I spent four days camping at Wakarusa music festival and listening to good music and I now know I want to create mad mad sweet music. The band is in development but I'm really excited about the whole concept of playing at a festival. Looking forward to getting onstage there next year. It's a goal, a thing to help me focus.
I like things that give me focus. I feel my talents can sometimes be one big creative blur and nothing really sticks out as being the thing, the magical be-all gift I can share with the world so I continue to explore them all and see what happens. I know I'm at the least very entertaining. Tomorrow night I get to perform at a variety show so I will get to talk and sing and hopefully I am not mistaken on my previous comment that I entertain. If all else fails, I got some dead baby jokes that are SURE to win over the crowd.

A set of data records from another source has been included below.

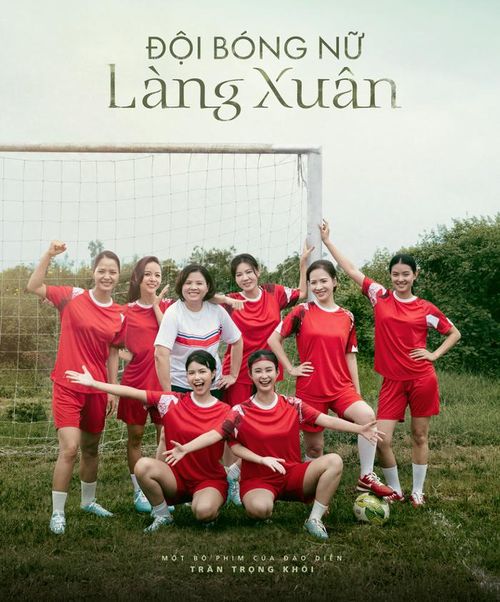 Đội bóng nữ làng Xuân được kỳ vọng mang đến màu sắc mới cho phim giờ vàng VTV. Ảnh: NSX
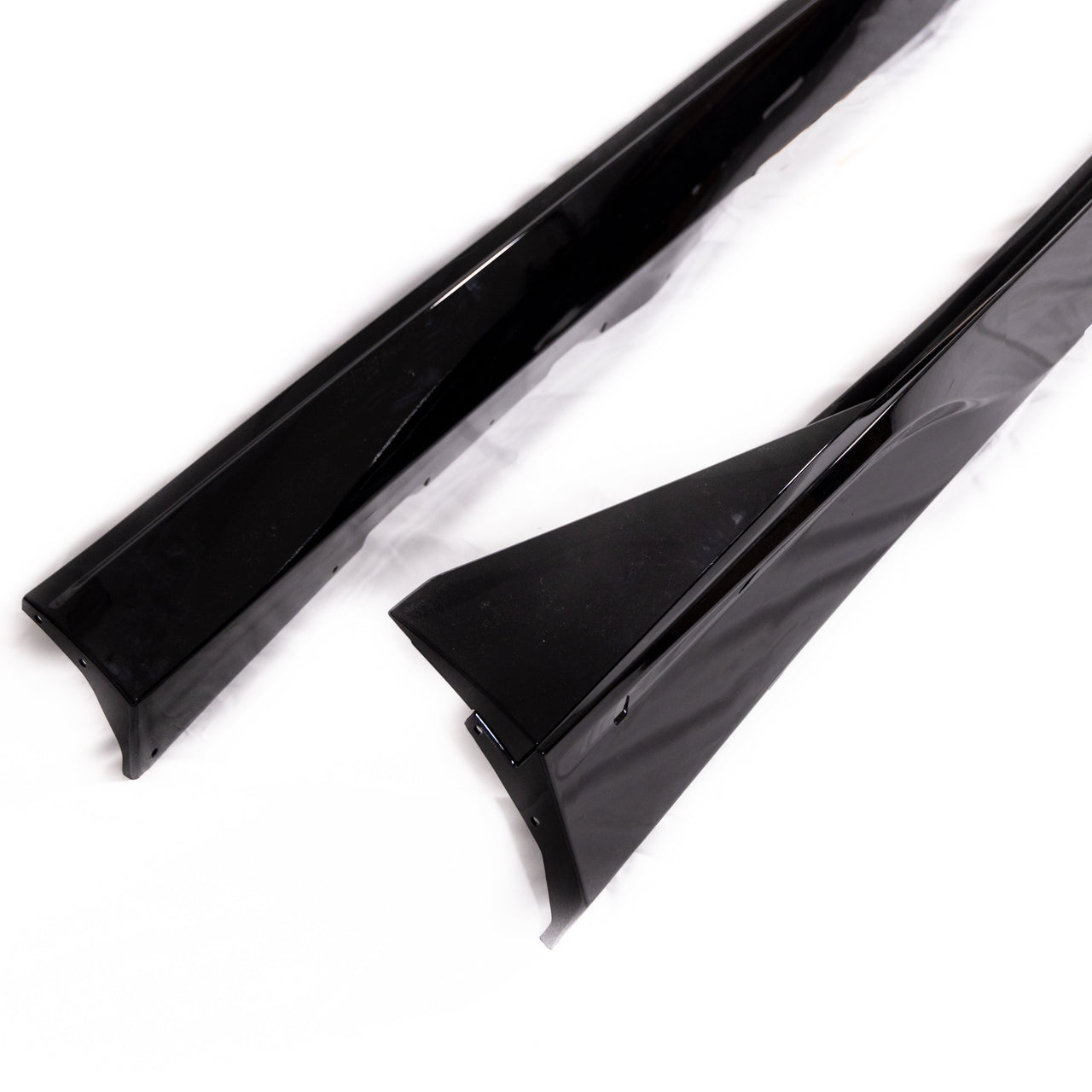 2010-2015 Chevy Camaro Evo Style Gloss Black Side Skirt Rockers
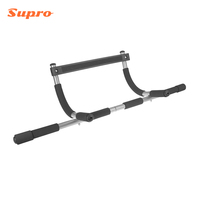 Barre de traction et de dips réglable à plusieurs niveaux Supro pour cadre de porte – S'adapte parfaitement aux encadrements de porte larges et étroits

I decided to pull my improv troupe SuperOVUM out of hiding and start us playing out again. I feel really good about it. In fact, since I made the decision to start at it again I've felt better than I have in months. MONTHS. True, I had lost the will to lead for a while. My grandma died and I couldn't seem to motivate anyone. I didn't have motivation. Having been away from it and try to work on other projects I discovered that I like my vision and so do others. To be truthful, I was really encouraged by others to take up the directing reins again. I hemmed and hawed about it. Some beautiful souls kept reinerating to me how much they loved and grew under my direction. It finally sank in.
I'm also going to take a film class in the fall with another OVUM and so we can start creating on another powerful medium. I'm rubbing my hands together with glee.